What is expected:
Both the line with "A police officer" and the line with "Campaigners cover up" in the records below must appear in the output, along with every line between them, exactly and with nothing added.

── Dataset

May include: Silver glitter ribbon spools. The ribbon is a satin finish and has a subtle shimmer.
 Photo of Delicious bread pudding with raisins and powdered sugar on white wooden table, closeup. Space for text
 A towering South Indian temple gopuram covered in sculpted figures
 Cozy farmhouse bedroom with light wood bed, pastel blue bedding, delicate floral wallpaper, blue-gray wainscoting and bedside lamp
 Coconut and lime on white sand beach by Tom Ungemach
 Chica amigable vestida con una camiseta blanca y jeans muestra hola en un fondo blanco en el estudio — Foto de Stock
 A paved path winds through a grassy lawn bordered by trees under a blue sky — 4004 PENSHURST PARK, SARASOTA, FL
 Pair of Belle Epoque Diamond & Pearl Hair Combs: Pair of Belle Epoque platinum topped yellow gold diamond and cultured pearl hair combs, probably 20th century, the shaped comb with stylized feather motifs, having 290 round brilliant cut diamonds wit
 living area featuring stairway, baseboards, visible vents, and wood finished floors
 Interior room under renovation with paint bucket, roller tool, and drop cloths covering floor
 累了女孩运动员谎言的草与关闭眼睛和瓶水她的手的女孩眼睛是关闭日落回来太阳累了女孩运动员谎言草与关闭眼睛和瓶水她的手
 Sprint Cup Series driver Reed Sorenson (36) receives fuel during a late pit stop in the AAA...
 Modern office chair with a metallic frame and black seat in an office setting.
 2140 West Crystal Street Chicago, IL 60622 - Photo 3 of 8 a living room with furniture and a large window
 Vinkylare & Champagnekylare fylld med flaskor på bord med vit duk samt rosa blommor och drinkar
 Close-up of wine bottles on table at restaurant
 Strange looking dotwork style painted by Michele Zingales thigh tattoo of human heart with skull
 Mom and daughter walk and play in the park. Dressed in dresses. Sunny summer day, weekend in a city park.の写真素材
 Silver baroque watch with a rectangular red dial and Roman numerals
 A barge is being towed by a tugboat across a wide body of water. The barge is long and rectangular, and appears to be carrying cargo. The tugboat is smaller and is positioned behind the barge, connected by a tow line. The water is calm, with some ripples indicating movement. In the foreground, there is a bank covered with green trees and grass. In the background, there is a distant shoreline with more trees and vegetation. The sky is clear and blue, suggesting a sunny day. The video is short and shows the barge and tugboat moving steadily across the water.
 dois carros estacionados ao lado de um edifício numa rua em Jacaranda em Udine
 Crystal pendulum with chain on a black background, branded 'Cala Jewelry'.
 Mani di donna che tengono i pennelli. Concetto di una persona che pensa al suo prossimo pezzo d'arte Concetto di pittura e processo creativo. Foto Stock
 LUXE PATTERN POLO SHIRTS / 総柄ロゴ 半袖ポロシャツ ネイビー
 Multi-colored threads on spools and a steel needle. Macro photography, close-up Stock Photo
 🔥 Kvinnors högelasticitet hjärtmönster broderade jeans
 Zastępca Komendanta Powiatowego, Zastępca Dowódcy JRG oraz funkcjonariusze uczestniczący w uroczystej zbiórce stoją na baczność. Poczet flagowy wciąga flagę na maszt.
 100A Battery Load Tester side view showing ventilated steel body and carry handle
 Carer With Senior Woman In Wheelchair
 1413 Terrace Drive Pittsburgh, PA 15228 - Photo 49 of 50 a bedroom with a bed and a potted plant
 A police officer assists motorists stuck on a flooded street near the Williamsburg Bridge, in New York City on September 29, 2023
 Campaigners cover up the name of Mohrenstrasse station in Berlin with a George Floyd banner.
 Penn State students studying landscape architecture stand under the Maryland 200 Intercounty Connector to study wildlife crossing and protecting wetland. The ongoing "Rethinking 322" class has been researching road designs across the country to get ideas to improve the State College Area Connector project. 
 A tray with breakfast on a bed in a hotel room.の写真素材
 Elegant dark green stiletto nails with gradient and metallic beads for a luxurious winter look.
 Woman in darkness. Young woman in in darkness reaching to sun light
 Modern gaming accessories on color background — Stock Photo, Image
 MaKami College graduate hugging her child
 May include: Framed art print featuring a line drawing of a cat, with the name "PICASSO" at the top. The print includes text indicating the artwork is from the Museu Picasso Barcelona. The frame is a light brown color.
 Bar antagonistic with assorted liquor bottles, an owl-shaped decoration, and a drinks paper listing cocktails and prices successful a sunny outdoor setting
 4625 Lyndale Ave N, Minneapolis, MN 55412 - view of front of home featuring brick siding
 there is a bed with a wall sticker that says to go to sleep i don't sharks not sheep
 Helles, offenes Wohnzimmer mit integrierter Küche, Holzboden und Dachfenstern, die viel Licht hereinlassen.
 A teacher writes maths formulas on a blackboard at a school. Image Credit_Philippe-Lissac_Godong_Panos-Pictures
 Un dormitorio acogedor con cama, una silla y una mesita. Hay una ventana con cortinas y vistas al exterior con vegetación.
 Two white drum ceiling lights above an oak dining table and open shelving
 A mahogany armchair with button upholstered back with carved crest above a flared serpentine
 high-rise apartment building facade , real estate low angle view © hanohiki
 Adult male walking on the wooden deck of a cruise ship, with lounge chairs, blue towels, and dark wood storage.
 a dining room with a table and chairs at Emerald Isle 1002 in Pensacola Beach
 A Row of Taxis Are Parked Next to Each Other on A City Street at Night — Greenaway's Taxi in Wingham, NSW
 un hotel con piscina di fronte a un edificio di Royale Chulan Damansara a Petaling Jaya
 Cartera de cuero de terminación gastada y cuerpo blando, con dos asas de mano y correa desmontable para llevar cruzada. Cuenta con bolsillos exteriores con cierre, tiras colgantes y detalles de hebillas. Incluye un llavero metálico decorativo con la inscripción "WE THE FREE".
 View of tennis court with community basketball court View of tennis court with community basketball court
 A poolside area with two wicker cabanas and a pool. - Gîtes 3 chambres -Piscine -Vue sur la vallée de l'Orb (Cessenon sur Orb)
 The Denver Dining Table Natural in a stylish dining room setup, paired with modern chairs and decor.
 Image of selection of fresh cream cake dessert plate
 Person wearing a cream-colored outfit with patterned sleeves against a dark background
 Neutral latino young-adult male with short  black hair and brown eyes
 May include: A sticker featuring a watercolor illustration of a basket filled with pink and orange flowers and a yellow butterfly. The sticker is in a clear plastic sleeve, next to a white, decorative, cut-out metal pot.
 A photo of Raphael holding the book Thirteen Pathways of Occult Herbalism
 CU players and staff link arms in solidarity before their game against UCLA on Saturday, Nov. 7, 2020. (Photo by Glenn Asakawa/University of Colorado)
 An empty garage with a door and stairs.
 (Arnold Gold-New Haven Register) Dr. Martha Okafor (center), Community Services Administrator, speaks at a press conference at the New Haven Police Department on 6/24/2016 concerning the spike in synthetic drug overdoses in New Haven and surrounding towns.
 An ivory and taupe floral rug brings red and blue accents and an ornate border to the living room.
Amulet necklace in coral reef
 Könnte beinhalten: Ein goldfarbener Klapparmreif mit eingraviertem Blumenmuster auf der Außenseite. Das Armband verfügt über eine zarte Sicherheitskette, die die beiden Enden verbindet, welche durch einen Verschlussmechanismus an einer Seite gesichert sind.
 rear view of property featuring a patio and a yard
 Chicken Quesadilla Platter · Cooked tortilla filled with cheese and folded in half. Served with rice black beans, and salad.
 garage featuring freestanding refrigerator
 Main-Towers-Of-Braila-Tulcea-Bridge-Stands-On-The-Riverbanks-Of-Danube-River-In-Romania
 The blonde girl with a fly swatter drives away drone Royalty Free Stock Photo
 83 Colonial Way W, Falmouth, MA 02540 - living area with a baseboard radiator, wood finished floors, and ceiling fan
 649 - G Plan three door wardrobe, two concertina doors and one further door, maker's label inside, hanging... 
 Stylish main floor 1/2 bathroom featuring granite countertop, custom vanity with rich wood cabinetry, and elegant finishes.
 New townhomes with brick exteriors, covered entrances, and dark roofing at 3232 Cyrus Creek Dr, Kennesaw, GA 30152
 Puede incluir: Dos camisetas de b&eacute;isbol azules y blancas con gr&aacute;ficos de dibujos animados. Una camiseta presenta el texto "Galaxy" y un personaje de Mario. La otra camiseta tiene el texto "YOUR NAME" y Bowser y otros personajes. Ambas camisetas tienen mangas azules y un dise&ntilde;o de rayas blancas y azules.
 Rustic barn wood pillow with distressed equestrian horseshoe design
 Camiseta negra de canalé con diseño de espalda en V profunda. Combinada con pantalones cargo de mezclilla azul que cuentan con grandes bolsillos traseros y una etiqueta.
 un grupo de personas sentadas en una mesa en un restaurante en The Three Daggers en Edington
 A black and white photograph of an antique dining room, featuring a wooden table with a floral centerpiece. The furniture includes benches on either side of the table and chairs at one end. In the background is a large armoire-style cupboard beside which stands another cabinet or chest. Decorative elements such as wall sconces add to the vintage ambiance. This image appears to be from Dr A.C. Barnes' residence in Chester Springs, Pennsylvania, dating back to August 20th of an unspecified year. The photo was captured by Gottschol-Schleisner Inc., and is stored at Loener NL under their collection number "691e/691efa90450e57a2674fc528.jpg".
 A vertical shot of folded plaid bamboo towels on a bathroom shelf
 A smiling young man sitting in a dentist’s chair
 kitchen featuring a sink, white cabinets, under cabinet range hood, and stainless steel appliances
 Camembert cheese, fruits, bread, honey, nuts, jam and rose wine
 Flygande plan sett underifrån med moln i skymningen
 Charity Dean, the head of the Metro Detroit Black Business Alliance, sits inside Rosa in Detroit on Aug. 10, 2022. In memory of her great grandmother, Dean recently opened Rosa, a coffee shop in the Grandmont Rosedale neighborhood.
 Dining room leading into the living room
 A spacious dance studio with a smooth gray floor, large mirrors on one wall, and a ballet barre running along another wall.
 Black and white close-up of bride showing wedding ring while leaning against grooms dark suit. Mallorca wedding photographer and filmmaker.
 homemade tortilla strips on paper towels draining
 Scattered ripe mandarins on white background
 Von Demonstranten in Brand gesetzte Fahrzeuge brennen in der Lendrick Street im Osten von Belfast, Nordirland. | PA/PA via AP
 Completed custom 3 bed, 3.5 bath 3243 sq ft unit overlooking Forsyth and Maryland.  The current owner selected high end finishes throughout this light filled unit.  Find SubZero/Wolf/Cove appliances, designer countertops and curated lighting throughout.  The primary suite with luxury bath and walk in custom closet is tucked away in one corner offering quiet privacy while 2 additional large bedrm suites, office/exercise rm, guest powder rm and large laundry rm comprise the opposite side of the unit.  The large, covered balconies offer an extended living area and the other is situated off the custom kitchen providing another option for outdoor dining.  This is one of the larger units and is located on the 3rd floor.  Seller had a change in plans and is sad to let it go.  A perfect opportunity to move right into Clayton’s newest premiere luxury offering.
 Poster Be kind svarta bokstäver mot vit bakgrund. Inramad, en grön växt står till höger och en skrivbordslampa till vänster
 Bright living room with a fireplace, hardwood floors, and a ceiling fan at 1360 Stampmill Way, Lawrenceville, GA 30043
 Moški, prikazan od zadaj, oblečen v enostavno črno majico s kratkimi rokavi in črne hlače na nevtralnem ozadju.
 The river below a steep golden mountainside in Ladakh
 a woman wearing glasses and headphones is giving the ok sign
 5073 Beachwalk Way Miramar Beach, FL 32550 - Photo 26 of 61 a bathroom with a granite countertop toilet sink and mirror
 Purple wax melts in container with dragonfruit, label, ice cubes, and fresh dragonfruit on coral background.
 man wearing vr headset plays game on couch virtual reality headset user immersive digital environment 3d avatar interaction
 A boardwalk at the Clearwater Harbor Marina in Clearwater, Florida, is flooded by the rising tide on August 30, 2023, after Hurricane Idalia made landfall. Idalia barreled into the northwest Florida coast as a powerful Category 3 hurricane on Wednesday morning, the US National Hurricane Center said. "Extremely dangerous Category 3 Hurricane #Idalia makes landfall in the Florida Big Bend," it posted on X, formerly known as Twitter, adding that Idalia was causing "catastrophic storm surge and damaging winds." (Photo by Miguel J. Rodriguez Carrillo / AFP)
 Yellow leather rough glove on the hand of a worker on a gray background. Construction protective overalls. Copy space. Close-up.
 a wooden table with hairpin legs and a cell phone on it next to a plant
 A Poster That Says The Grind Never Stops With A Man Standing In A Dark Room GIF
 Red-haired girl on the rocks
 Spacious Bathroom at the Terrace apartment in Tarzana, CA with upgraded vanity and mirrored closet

────

Response to this task:
 A police officer assists motorists stuck on a flooded street near the Williamsburg Bridge, in New York City on September 29, 2023
 Campaigners cover up the name of Mohrenstrasse station in Berlin with a George Floyd banner.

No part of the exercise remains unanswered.